Not Tuckering Out
Housatonic Overlook & Tucker’s Ridge, Orange
Rare is the trail that starts you off at the highlight of the trek. This is one such trail – presuming you begin at the northern end at the High Ridge Road turn-around. If you’d rather leave the views until you have some trail behind you, simply start at the southern entrance.
Armed with none of that knowledge, Calvin and I parked on a cold and clear January day, hopped out of the car, walked about 30 steps and wow, a view of the Housatonic River, Two Mile Island, and the downtowns of Shelton and Derby.
Cool. I wouldn’t be surprised if Calvin expected to head right back to the warmth of the car at this point, but if he did, at least he kept it to himself. Even so, the main red trail that we took travels along the top of the cliff for a while which is cool, even by nine-year-old standards.
There are several trails here, but in total, they add up to less than two miles. The red trail forms a horseshoe – along the clifftop, then east up a hill and then north along its ridge to some wetlands. At that point, you must jump off on the yellow or the green trail and find your way back to your car.
We bushwhacked a bit and trail-hopped here and there to get a full picture of the place without hiking every foot of it. But we did hike the full length of the red trail and I would recommend you do the same. The cliff walk I keep referencing is called the eastern palisade according to at least one source. That sounds impressive, and I like it, but with the Palisades in New York and New Jersey not too far away, I can’t give it that name.
Someone had built two teepees at a lookout point. Fairly well-made ones at that. Kids having fun? Local school showing where local native Americans stood sentry over the river centuries ago? I have no idea, but I do know that at the end of our next hike over at Maltby Lakes, we came upon a man building teepees. Maybe it’s an Orange/West Haven thing that I’m not familiar with.

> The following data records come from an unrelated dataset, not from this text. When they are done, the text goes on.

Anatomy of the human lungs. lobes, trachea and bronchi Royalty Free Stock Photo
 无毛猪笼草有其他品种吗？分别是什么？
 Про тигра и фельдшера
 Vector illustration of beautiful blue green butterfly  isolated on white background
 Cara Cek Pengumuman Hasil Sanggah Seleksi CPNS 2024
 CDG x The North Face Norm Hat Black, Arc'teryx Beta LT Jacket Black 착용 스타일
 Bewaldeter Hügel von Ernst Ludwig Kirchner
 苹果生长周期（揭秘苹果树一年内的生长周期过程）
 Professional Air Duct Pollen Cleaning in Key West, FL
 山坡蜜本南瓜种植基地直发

Okay, this land feature is called Tucker’s Ridge, not the eastern palisade. Good. A pipeline easement travels this same route and more-or-less shares space with the red trail now and again.
At the southern end of the property, we left the ridge and the views and headed east, into the woods. As mentioned, the red trail continues around the the property boundary while a small network of blue and white trails connect through the woods inside of the loop.
These are nice woods; full of mountain laurel and cliffs and fairly interesting boulders. I gave Calvin a few lessons in bushwhacking: Orienting oneself to the land, knowing from whence you came, how to ascend a super steep incline faster by not going straight up, etc. He seemed attentive, other than when he insisted he’d beat me up the incline by going straight. (I could have had a snack before he finally joined me on top.)
We poked around the blue trail, then the white and the yellow. We were at the northern end of the parcel now and its wetlands. If it was wet on a cold day in January, I imagine this to be fairly unpleasant in April. There are a few bridges and stanchions at least.
Lastly we traveled the green trail back to the pipeline right-of-way which we followed to our car. The town of Orange has a beauty spot here and after years and years of locals using the trails, the town officially acquired it in 2001. Amazingly, we didn’t find evidence of partying teens but I imaging that has to be a thing here. (Risk of death by falling is pretty high, so maybe Orange teens are smarter than elsewhere.)
This was a fun little hike with surprisingly nice views. And it didn’t tucker us out.